The aperiodic monotile behind the texture
An aperiodic monotile, commonly known as an "einstein," is a shape capable of tiling the plane exclusively in a non-periodic manner. Our jumbotron pattern features the first true aperiodic monotile: a shape that naturally enforces aperiodicity through its own geometry, without the need for additional constraints such as matching conditions.
The jumbotron pattern is based on the aperiodic monotile - also called an einstein - a polykite shape that tiles the plane only without repeating. It comes from the work of David Smith, Joseph Samuel Myers, Craig S. Kaplan, and Chaim Goodman-Strauss.

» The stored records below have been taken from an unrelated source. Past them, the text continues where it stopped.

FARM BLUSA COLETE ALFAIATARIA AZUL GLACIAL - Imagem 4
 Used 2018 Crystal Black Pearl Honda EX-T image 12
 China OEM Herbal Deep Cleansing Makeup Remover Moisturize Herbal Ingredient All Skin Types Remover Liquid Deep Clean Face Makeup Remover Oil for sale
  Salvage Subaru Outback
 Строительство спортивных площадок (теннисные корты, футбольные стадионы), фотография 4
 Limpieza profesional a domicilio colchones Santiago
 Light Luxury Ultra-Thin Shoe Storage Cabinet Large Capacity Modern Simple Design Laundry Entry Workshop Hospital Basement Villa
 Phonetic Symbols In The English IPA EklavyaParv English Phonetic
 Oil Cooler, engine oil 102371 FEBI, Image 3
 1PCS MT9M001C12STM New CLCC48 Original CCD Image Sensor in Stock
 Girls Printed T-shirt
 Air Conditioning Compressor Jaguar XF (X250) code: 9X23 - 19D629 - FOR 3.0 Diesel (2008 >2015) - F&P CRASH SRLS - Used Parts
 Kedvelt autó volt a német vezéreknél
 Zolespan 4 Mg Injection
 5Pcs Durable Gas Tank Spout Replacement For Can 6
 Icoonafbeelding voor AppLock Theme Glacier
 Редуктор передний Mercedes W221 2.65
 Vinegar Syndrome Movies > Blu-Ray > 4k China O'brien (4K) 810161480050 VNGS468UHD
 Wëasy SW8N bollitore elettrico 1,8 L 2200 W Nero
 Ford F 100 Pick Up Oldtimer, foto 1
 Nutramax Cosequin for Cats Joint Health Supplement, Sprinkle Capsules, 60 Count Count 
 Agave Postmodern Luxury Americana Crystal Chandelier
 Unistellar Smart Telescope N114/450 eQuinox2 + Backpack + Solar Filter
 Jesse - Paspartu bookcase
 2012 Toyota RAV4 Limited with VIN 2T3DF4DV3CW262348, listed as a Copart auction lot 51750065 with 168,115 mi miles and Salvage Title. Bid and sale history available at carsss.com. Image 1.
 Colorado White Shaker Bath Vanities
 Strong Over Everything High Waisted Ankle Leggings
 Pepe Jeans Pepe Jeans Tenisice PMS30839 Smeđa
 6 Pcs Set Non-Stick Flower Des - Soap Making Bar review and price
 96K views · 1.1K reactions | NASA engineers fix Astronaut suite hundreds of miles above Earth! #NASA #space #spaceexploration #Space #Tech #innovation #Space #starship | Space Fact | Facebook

We like elegant maths.
Light · paper-cool surface with subtle vignette
The recipe the homepage hero + light CTA bands sit on: paper-cool fill (#ECEDF0), einstein-hats monotile, directional fade easing from dense-left to clear-right, soft near-black Houdini spot anchoring the bottom-right rule-of-thirds.
Dark · navy surface with peak-blue glow
Same recipe at navy: deep #0F1F3D fill, einstein-hats in the dark palette, navy fade overlay, Houdini spot in peak-blue (#93B4F5) so it reads as a soft glow against the dark band. Used on the CTA band and dark heroes.
How the three layers stack
The full recipe in one pre-rendered SVG — three layers composited into a single static file per variant.
Three-layer composite in one static SVG file:
1. einstein-hats paths (full-bleed monotile)
2. linear-gradient fade (denser left → lighter right, 96%/74%/50%
alpha on light, 96%/65%/35% on dark)
3. radial Houdini spot (centred at (820, 540) in the 1296 × 809
natural viewBox — bottom-right rule-of-
thirds anchor)
Light variant
· fade colour : #ECEDF0 (paper-cool)
· spot colour : #0F0F0F (near-black, low alpha, reads as vignette)
Dark variant
· fade colour : #0F1F3D (navy)
· spot colour : #93B4F5 (peak-blue-lifted, brighter than navy bg) Pull the live SVG from the inspector
The monotile backgrounds are pre-rendered to static SVGs (one per variant) and served as cacheable images. Changing the recipe constants regenerates both variants.